• _Aim of the exercise_:
Your answer must be an exact copy of the data below.

• _Given data_:
:::::
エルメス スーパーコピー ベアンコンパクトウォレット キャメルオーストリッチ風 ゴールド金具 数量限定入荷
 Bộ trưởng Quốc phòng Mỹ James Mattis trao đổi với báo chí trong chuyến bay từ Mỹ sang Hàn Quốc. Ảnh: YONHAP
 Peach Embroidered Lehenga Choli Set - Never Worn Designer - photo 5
:::::
• _Exercise solution_:
エルメス スーパーコピー ベアンコンパクトウォレット キャメルオーストリッチ風 ゴールド金具 数量限定入荷
 Bộ trưởng Quốc phòng Mỹ James Mattis trao đổi với báo chí trong chuyến bay từ Mỹ sang Hàn Quốc. Ảnh: YONHAP
 Peach Embroidered Lehenga Choli Set - Never Worn Designer - photo 5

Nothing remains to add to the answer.